Any painting, electrical or plumbing that you have planned should be completed before your new cabinets are installed. It is also important to protect any new flooring with cardboard or tarps during the cabinet installation.
As all floors and walls will not have a smooth, level surface, it is important to locate the high and low spots. Once found, shim the cabinets to be plumb and level so that you can obtain a smooth, level surface. The cabinets need to be as plumb and level as possible, using shims on the back of cabinets if necessary, so that the doors and drawers will work as designed.
TIP: Wood shingles make good shims.
If the flooring is to be put in after the cabinets, make sure you shim the cabinets the height of the future floor, otherwise you will have trouble with alignment of the appliances.
To avoid any damage to the cabinet doors during installation, it is recommended to remove the doors before beginning the installation. Use a piece of masking tape with the corresponding cabinet written on it to mark each door and to avoid confusion when putting the doors back on.
TIP: We recommend that the wall cabinets be installed first. This will allow full access without having to lean over the base cabinets and will also help to prevent damage to the base cabinets.
The most common place to begin hanging the wall cabinets is in a corner. Determine the placement of the cabinet by using the lines that were marked previously. Mark the position of the wall studs inside the cabinets; place the cabinet in position and fasten the cabinet through the back to the wall. Using a C-clamp, attach the next cabinet, making adjustments so that the top and front edges of the cabinets are flush. Tighten the clamps; drill through one of the side stiles and part way into the other side stile; then join the cabinets together.
On frameless cabinets, use a 5mm drill bit and drill through the shelf system holes, and fasten the cabinets together using two-piece connecting screws (ordered separately).
Follow these steps for each of the remaining wall cabinets. It is the installer’s responsibility to make sure that the wall cabinets are installed level and plumb, using shims where necessary.
CAUTION: Upper cabinets not attached securely to wall studs may fall when loaded.

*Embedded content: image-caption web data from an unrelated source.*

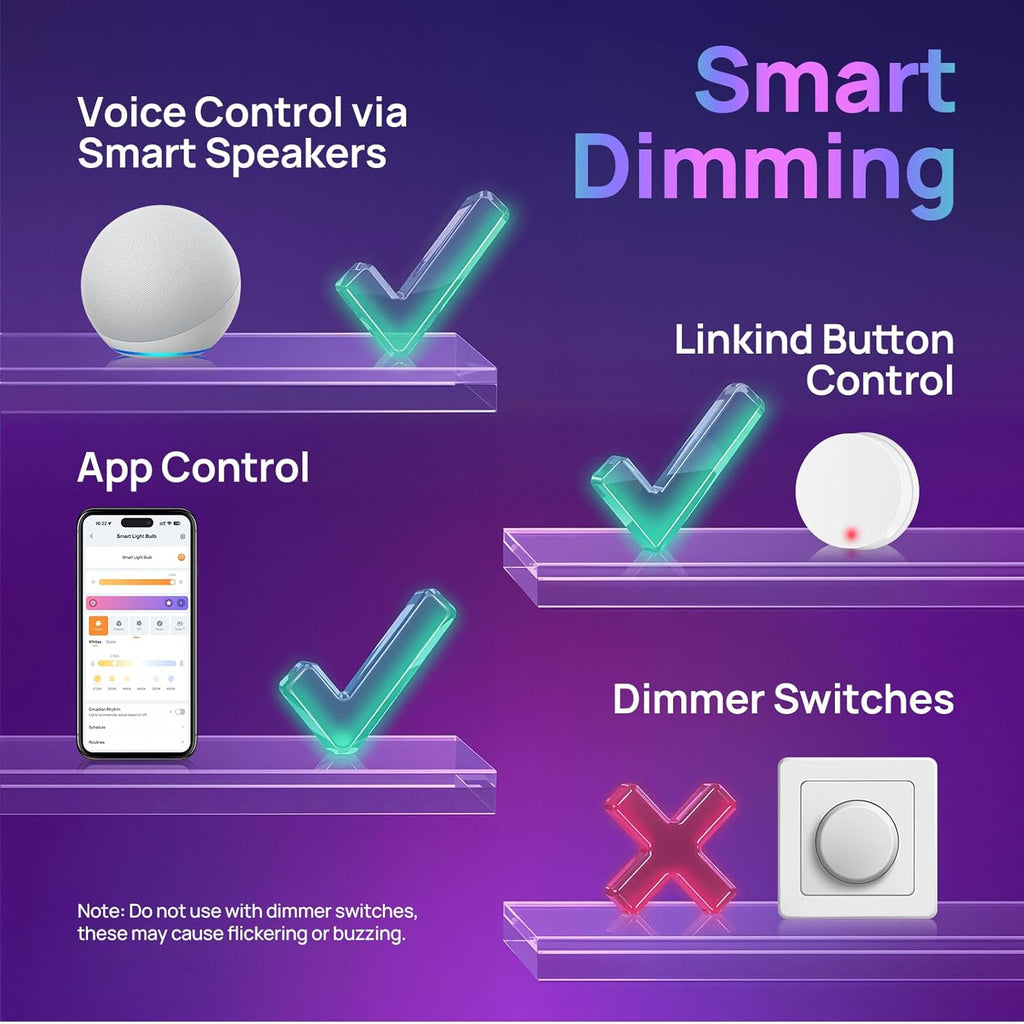 Matter Smart Light Bulb, BR30 Smart Bulbs, Recessed LED Color Changing Light Bulbs RGBTW, E26 Smart Flood Light Bulbs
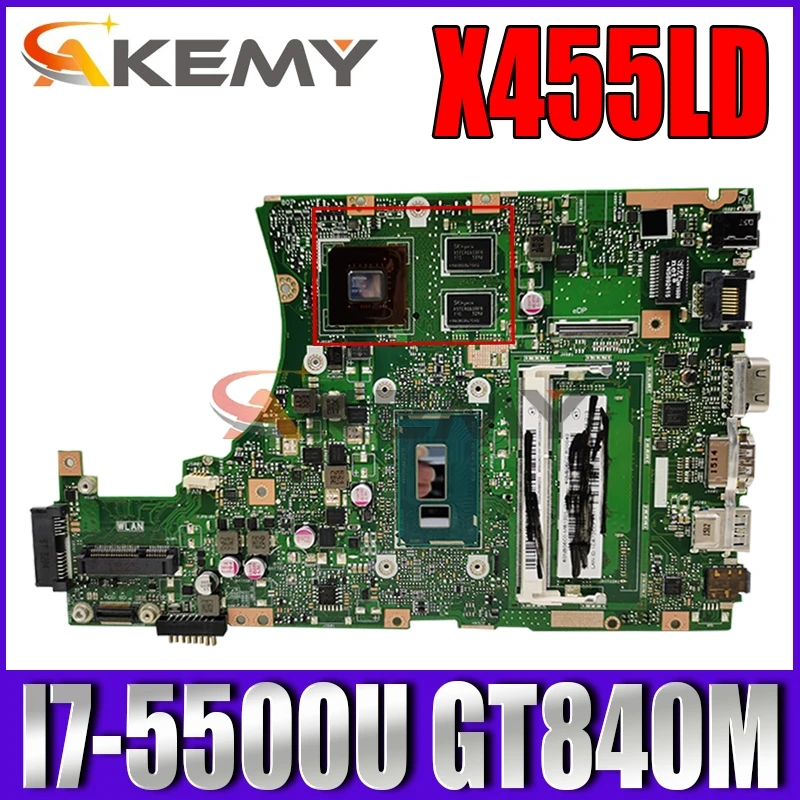 Akemy X455LD Laptop motherboard for ASUS X455LNB X455LD X455LJ Y483L W419L W409L original mainboard 4GB-RAM I7-5500U GT840M LVDS 
Akemy X455LD Laptop motherboard for ASUS X455LNB X455LD X455LJ Y483L W419L W409L original mainboard 4GB-RAM I7-5500U GT840M LVDS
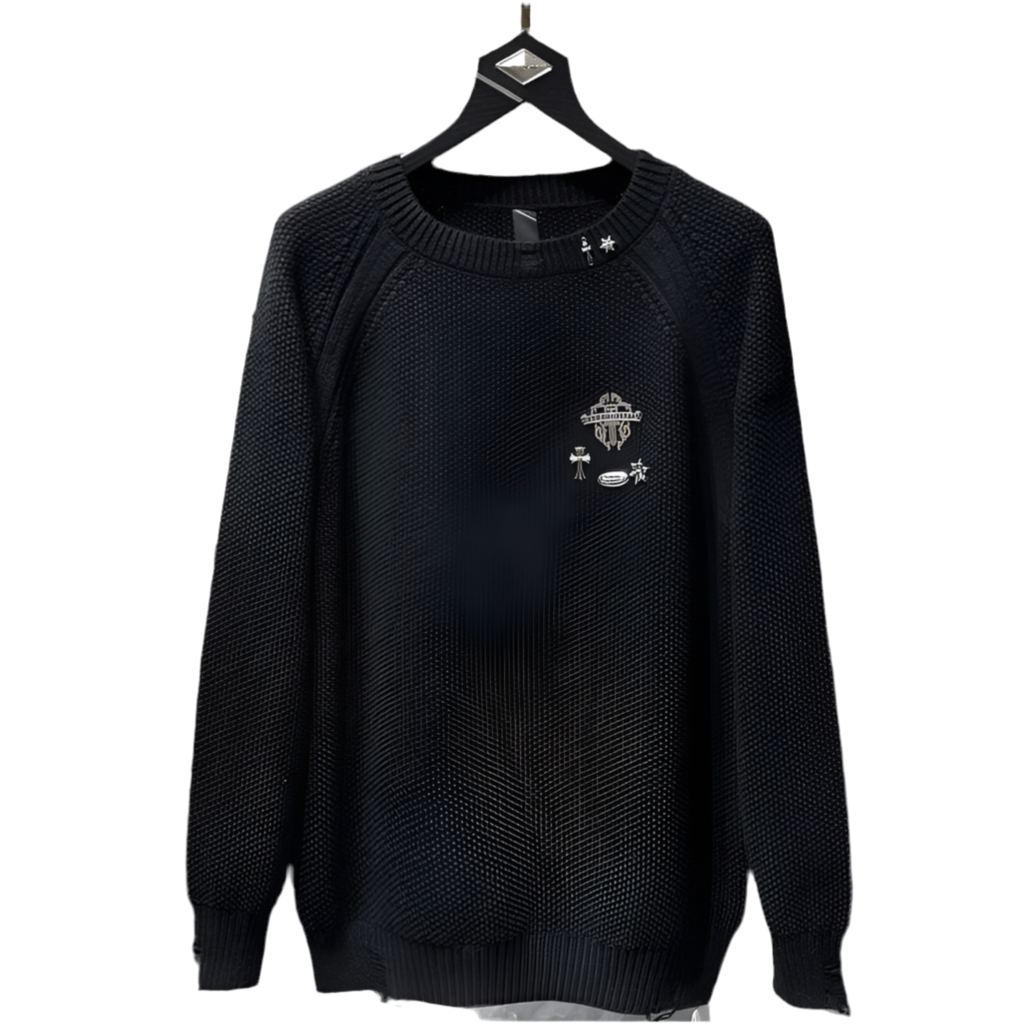 Chome Hearts wool loose knit long sleeve hooded sweater coat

It is the installer’s responsibility to ensure that all wall cabinets are installed using one of these two methods:
- The cabinet box is screwed (not nailed) directly into the wall studs.
- 2×8 wall blocking is installed between wall framing prior to cabinet installation and an L-shaped support bracket (VWH-BRKT, sold separately) is screwed through each end of the cabinet box into the blocking. Strongly recommended for free-standing Cornerstone wall cabinets.
Choose a starting point. The cabinet placement has been marked with the “base level” line. Starting with the cabinet located in the corner, use thin wooden shims placed under the cabinet as necessary so that the cabinet is plumb, and checking that it is level with a carpenter’s level. Fasten the cabinet to the wall using wood screws, and secure the cabinets together using C-clamps.
TIP: Do not fully tighten the screws until all the cabinets are installed so that final adjustments can be made.
Shim the second cabinet until it is plumb and level, then secure it to the wall. Repeat this procedure following the floor plan until the cabinets are installed. It is the installer’s responsibility to install the base cabinets in a continuous level line.
Locate the ceiling joist or solid blocking in the same manner used to locate the wall studs. Mark them on the tops of the peninsula cabinets. The use of lag bolts is recommended to secure cabinets into ceiling blocking or ceiling joists. Cabinets have to be securely attached to the ceiling joists to hold a fully loaded cabinet.
Island pony walls are often not plumb so you’ll need to make adjustments before installing the island cabinet. Again, you’ll need to shim the cabinets where necessary to ensure that they are level, plumb and aligned with adjacent cabinets.
Now that all the cabinets are installed, it is time to align doors and drawers. This is a critical, final step to ensure perfect cabinetry lines.
All Canyon Creek cabinets have fully adjustable hinges and some have self-adjusting guides.
Our Adjustment Information page has instructions for adjusting concealed hinges and various drawer guides.
A riser or build-up, available through your Canyon Creek distributor, may be required between the base cabinet and countertop. The countertops can be installed after the base cabinets have been leveled, plumbed and secured to the walls. For detailed installation instructions, follow the manufacturer’s guidelines.
TIP: Keep all the information regarding your kitchen installation such as business cards, customer agreements, product specifications and warranties in a folder.